Investing

Sovereign Debt Reaches Junk Bond Status

Michael Milken, the junk bond king, who lost his reputation and hair piece when he went to prison for violation of securities laws in 1990, would appreciate the struggles of Portugal and Greece. The two nations will almost certainly have to pay exorbitant interest rates to raise money to cover their deficits. And, there still may be very few buyers because of the perceived risk of default.

Some sovereign debt has reached junk bond status.

The FT recently reported that China might buy $25 billion euros in Greek debt, but that is still far from certain. The Greek dilemma has moved the interest rates it pays on its bonds to nearly 7%.

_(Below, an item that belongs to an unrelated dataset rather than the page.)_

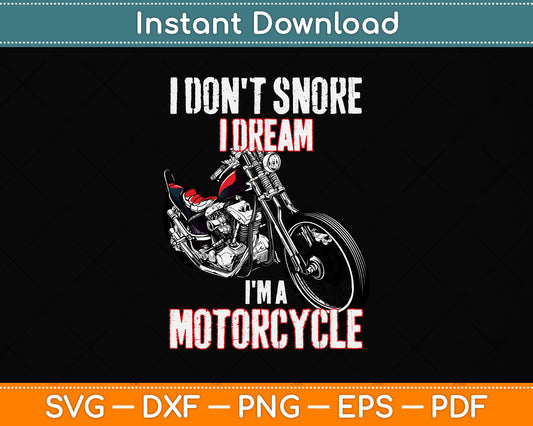 I Don't Snore I Dream I'm A Motorcycle Svg Digital Cutting File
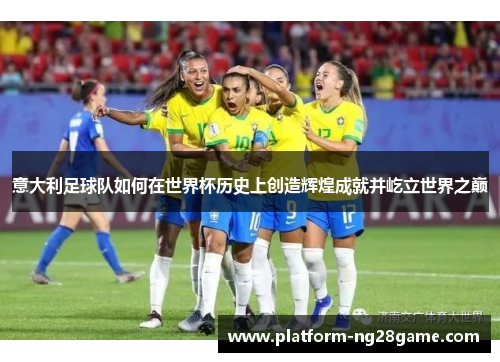 意大利足球队如何在世界杯历史上创造辉煌成就并屹立世界之巅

Portugal posted an unexpected short all in its budget. The Wall Street Journal pointed out that “the cost of insuring against a sovereign-debt default rose for Greece, Portugal, Spain and Italy recently”

Sovereign debt requirements are  so substantial that nations find themselves competing for funds in the world’s capital markets. The US raises close to $100 billion a month and that takes a great deal of the money that is likely to invest in national debt out of circulation. This leaves less credit worthy nations to fight for what is left. Ultimately, these weak countries are also competing with debt issued by multinational corporation with strong balance sheets. GE’s (GE) bonds are rated as a safer investment than Greece’s.

The high yield bond has become part of the landscape of sovereign debt. Greece could certainly end up faced with paying 7% to 8% on the bonds that is issues. The Greek debt service as a part of its budget will sky-rocket which increases the need to cut national expenditures even further. Milken and his network of junk bond buyers might have been able to buy most of the Greek debt inventory, but the junk bond king is retired.